Negligence (General)
Mustapha v. Culligan of Canada Ltd., 2008 SCC 27 (CanLII), (2008) 2 SCR 114[1]
[3] A successful action in negligence requires that the plaintiff demonstrate (1) that the defendant owed him a duty of care; (2) that the defendant's behaviour breached the standard of care; (3) that the plaintiff sustained damage; and (4) that the damage was caused, in fact and in law, by the defendant's breach. I shall examine each of these elements of negligence in turn. As I will explain, Mr. Mustapha's claim fails because he has failed to establish that his damage was caused in law by the defendant's negligence. In other words, his damage are too remote to allow recovery.
[4] The first question to consider in an action for negligence is whether the defendant owed the plaintiff a duty of care. The question focuses on the relationship between the parties. It asks whether this relationship is so close that the one may reasonably be said to owe the other a duty to take care not to injure the other: Donoghue v. Stevenson, [1932] A.C. 562 (H.L.). Whether such a relationship exists depends on foreseeability, moderated by policy concerns: Anns v. Merton London Borough Council, [1978] A.C. 728 (H.L.).
[7] The second question in a negligence action is whether the defendant’s behaviour breached the standard of care. A defendant’s conduct is negligent if it creates an unreasonable risk of harm (Linden and Feldthusen, at p. 130). The trial judge found that the defendant Culligan breached the standard of care by providing the plaintiff with contaminated water, and the parties did not appeal that finding before this Court. This is hardly surprising; it is clear that a supplier of bottled water intended for personal consumption is under a duty to take reasonable care to ensure that the water is not contaminated by foreign elements. The second element of liability in tort for negligence is therefore met.
[8] Generally, a plaintiff who suffers personal injury will be found to have suffered damage. Damage for purposes of this inquiry includes psychological injury. The distinction between physical and mental injury is elusive and arguably artificial in the context of tort. As Lord Lloyd said in Page v. Smith, [1996] 1 A.C. 155 (H.L.), at p. 188:
- In an age when medical knowledge is expanding fast, and psychiatric knowledge with it, it would not be sensible to commit the law to a distinction between physical and psychiatric injury, which may already seem somewhat artificial, and may soon be altogether outmoded. Nothing will be gained by treating them as different “kinds” of personal injury, so as to require the application of different tests in law. [Emphasis added.]

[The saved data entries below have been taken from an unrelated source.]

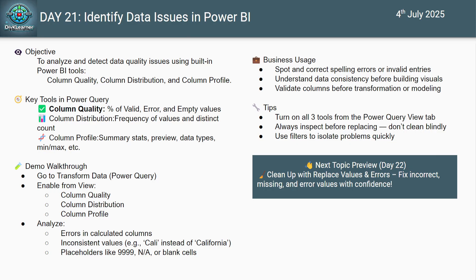Have you ever worked on a report and didn't even realize something was broken until the dashboard looked odd? Maybe a value was misspelled, a few entries were blank, or worse, there was a hidden formula error. These little things can eat up hours or even days if we don't catch them early. So today, let's learn how to spot them in just a few minutes.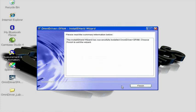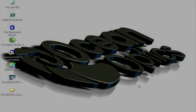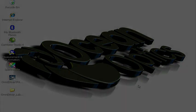You have now successfully installed Omni Driver plus SPAM on your computer. Click Finish to exit the installer.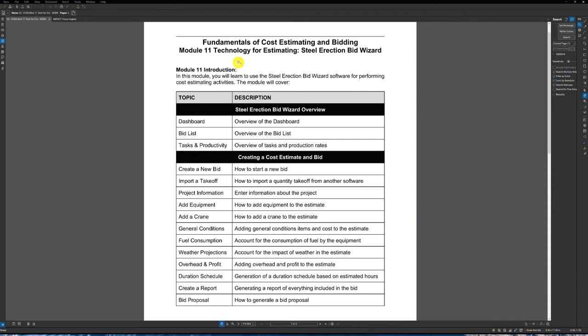Hello, Vince Hughes here with Steel Erection Solutions. Welcome to the final module of the Fundamentals of Cost Estimating and Bidding. This is Module 11 of Technology for Estimating. In this module, we're going to be going over the Steel Erection Bid Wizard.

[9] This said, psychological disturbance that rises to the level of personal injury must be distinguished from psychological upset. Personal injury at law connotes serious trauma or illness: see Hinz v. Berry, [1970] 2 Q.B. 40 (C.A.), at p. 42; Page v. Smith, at p. 189; Linden and Feldthusen, at pp. 425-27. The law does not recognize upset, disgust, anxiety, agitation or other mental states that fall short of injury. I would not purport to define compensable injury exhaustively, except to say that it must be serious and prolonged and rise above the ordinary annoyances, anxieties and fears that people living in society routinely, if sometimes reluctantly, accept. The need to accept such upsets rather than seek redress in tort is what I take the Court of Appeal to be expressing in its quote from Vanek v. Great Atlantic & Pacific Co. of Canada (1999), 1999 CanLII 2863 (ON CA), 48 O.R. (3d) 228 (C.A.)[2]: “Life goes on” (para. 60). Quite simply, minor and transient upsets do not constitute personal injury, and hence do not amount to damage.
[11] The fourth and final question to address in a negligence claim is whether the defendant’s breach caused the plaintiff’s harm in fact and in law. The evidence before the trial judge establishes that the defendant’s breach of its duty of care in fact caused Mr. Mustapha’s psychiatric injury. We are not asked to revisit this conclusion. The remaining question is whether that breach also caused the plaintiff’s damage in law or whether it is too remote to warrant recovery.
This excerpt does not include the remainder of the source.